Stir in the cheese and cayenne pepper. When the cheese melts, remove the sauce from the heat and set aside while you prepare the pasta and topping.
3.
Set the oven at 300 degrees. Butter a 9-by-13-inch baking dish or another dish with a 3 1/2 quart capaciy. Bring a large pot of water to a boil.
4.
Meanwhile, toss the bread crumbs and oil together. Spread the crumbs on a rimmed baking sheet and toast them in the oven for 30 minutes, turning several times. Set them aside.
5.
Add the salt and penne to the boiling water and stir once or twice until the water comes back to a boil.
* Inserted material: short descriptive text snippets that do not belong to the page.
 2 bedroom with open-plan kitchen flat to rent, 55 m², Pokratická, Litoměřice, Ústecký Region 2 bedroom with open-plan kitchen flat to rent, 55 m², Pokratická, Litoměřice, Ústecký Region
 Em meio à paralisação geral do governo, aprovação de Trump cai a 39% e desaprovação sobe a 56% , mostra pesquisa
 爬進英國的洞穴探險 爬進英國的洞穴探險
Cook, stirring occasionally, for 5 minutes, or until the penne is tender but sill has some bite. Drain the pasta and transfer it to the baking dish, layering it with half the cheese. Add the cheese sauce and stir gently. Sprinkle the remaining cheese on top, them scatter the bread crumbs over the cheese.
6.
Bake the macaroni and cheese for 30 minutes, or until the top is golden brown and the sauce is bubbling at the edges. Serve.